Exercise: Omit every picture and return the rest of the data unaltered.

Given information:
*****

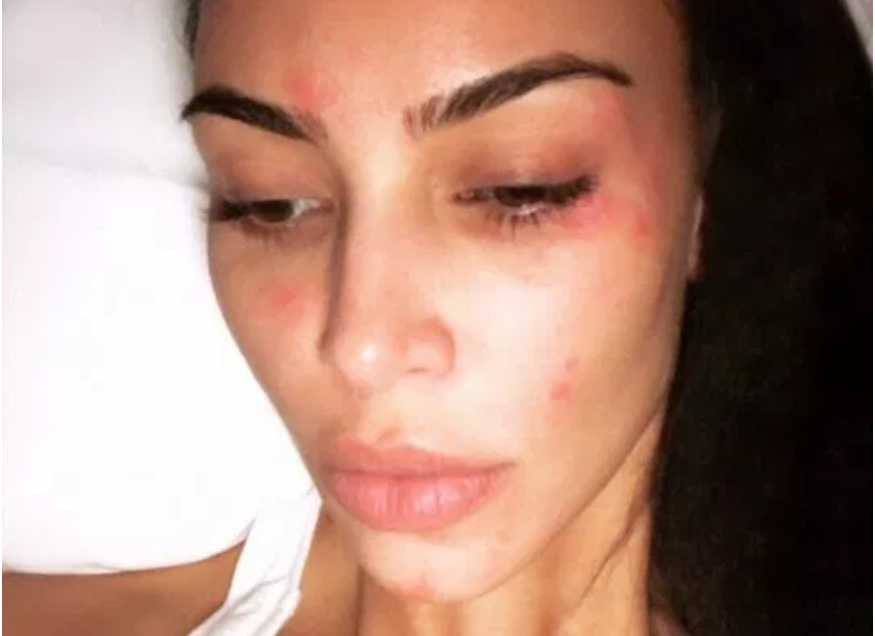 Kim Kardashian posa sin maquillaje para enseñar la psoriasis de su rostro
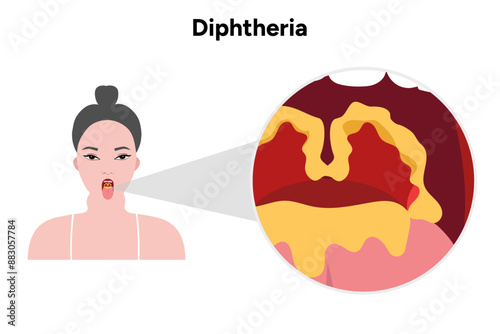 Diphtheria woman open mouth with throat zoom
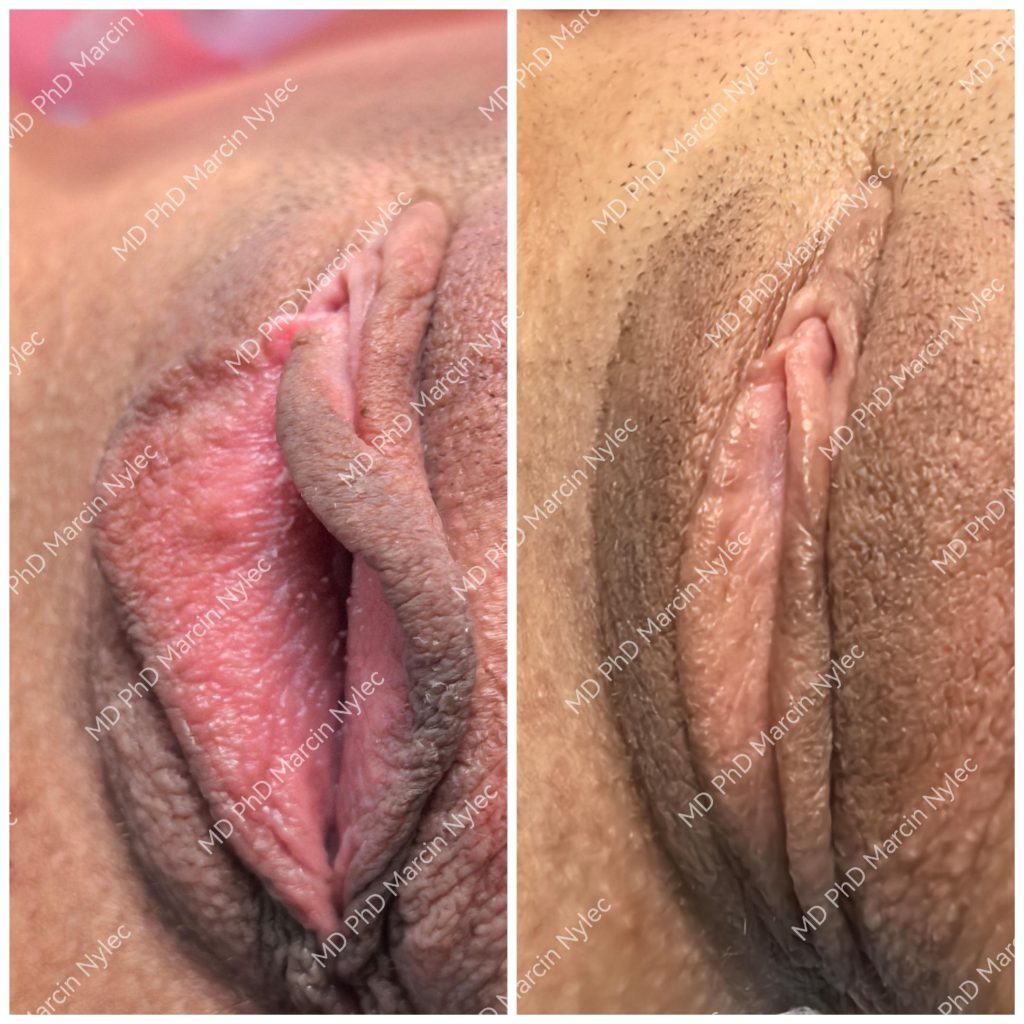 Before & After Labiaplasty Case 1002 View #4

*****

Output of the exercise:
 Kim Kardashian posa sin maquillaje para enseñar la psoriasis de su rostro
 Diphtheria woman open mouth with throat zoom
 Before & After Labiaplasty Case 1002 View #4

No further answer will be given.